→ **WHAT THE TASK ASKS**
Please repeat every record below exactly as written, but leave out the pictures.

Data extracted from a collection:
————————
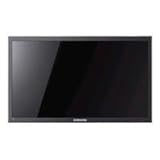Samsung 400EX LCD Monitor - 40" - 16:9 - 1920 x 1080 - 1.07 Billion Colors  ....
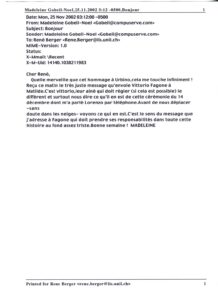 20021125 Gobeil Berger passation PP525 1268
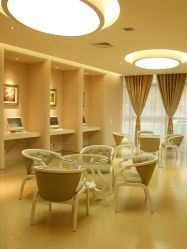 -北京和美妇儿医院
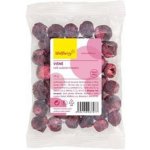 Wolfberry Višně 20 g – Hledejceny.cz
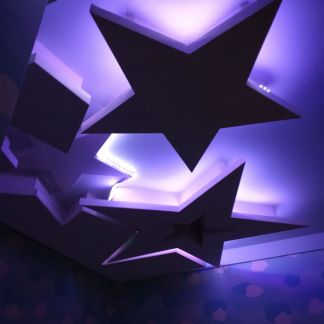 Электрик. Электромонтаж. Мастер на все руки  Армавир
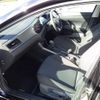 volkswagen polo 2018 -VOLKSWAGEN--VW Polo ABA-AWCHZ--WVWZZZAWZJU036797---VOLKSWAGEN--VW Polo ABA-AWCHZ--WVWZZZAWZJU036797- image 4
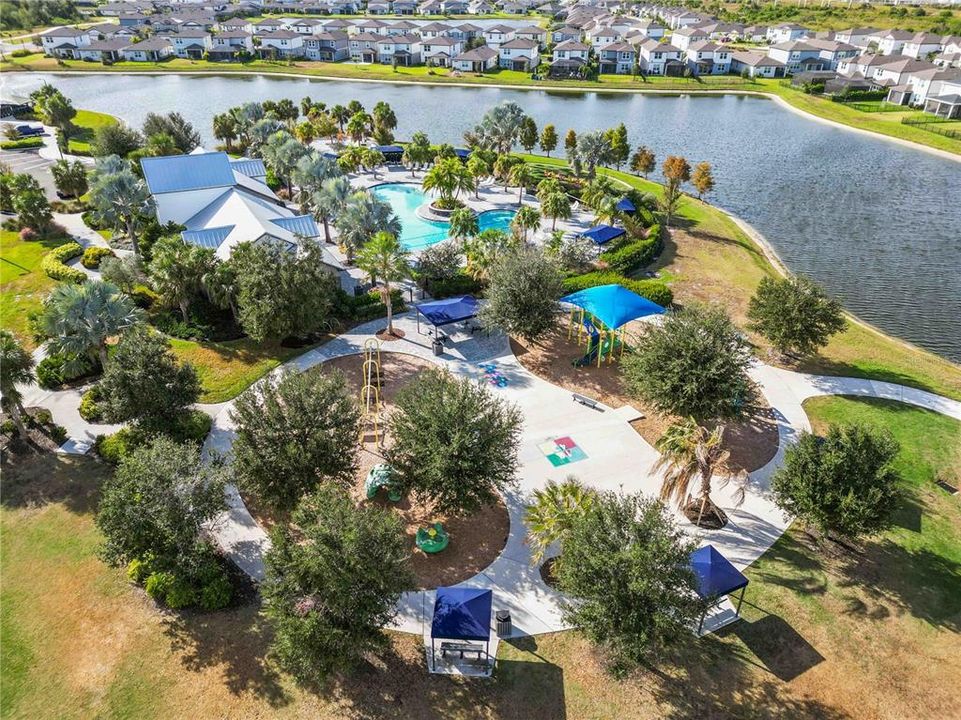 Active With Contract: $560,000 (3 beds, 2 baths, 2378 Square Feet)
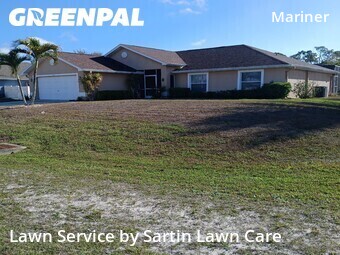Yard Cutting nearby Cape Coral, FL, 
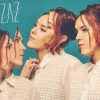 Zaz - Effet Miroir: Album-Cover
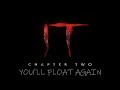 Lego It Chapter 2 Concept Trailer FAN MADE TRAILER 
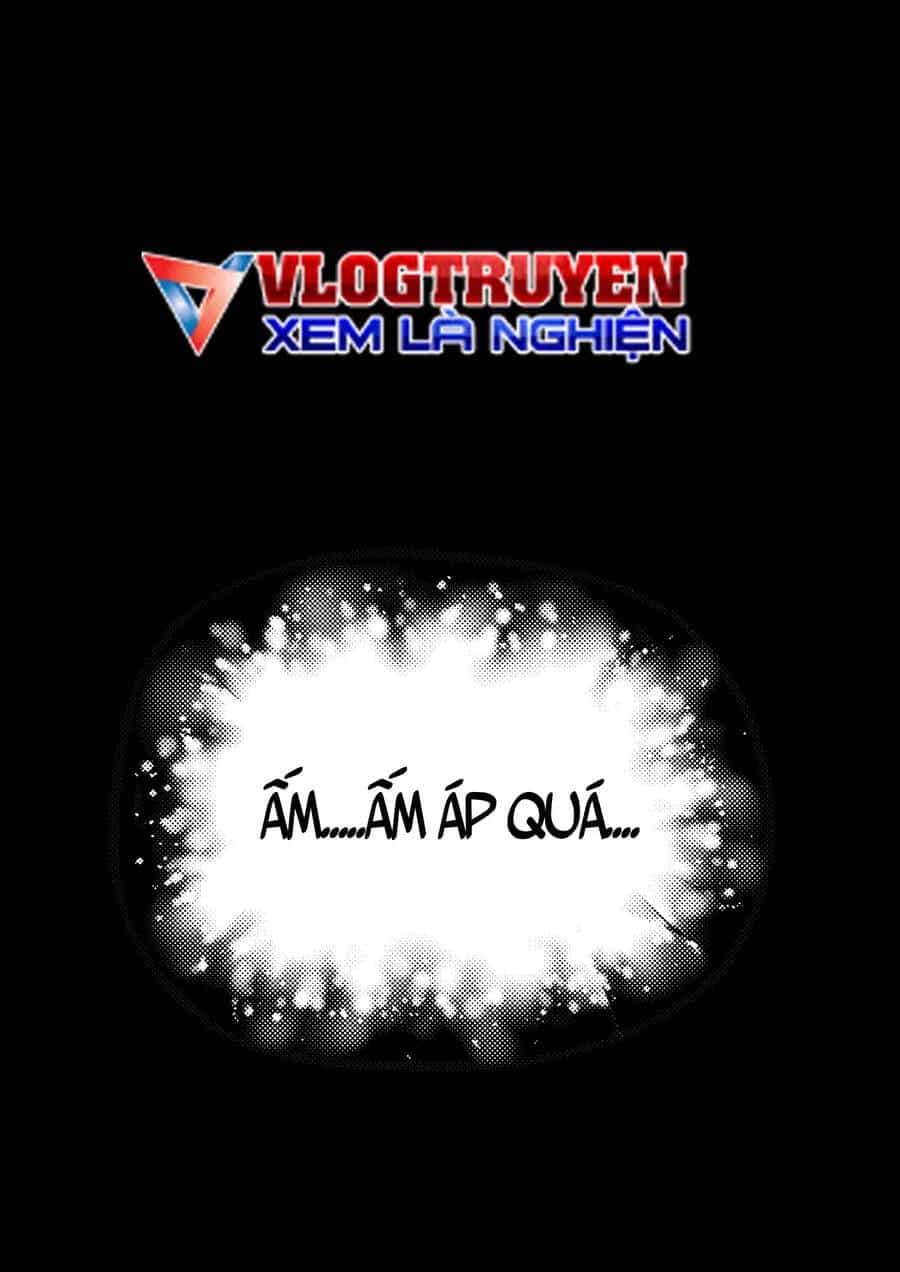 Anh Rể Mạnh Nhất Lịch Sử - Chương 5 - ảnh 3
————————
→ **RESPONSE FOR THIS EXERCISE**
Samsung 400EX LCD Monitor - 40" - 16:9 - 1920 x 1080 - 1.07 Billion Colors  ....
 20021125 Gobeil Berger passation PP525 1268
 -北京和美妇儿医院
 Wolfberry Višně 20 g – Hledejceny.cz
 Электрик. Электромонтаж. Мастер на все руки  Армавир
 volkswagen polo 2018 -VOLKSWAGEN--VW Polo ABA-AWCHZ--WVWZZZAWZJU036797---VOLKSWAGEN--VW Polo ABA-AWCHZ--WVWZZZAWZJU036797- image 4
 Active With Contract: $560,000 (3 beds, 2 baths, 2378 Square Feet)
Yard Cutting nearby Cape Coral, FL, 
 Zaz - Effet Miroir: Album-Cover
 Lego It Chapter 2 Concept Trailer FAN MADE TRAILER 
 Anh Rể Mạnh Nhất Lịch Sử - Chương 5 - ảnh 3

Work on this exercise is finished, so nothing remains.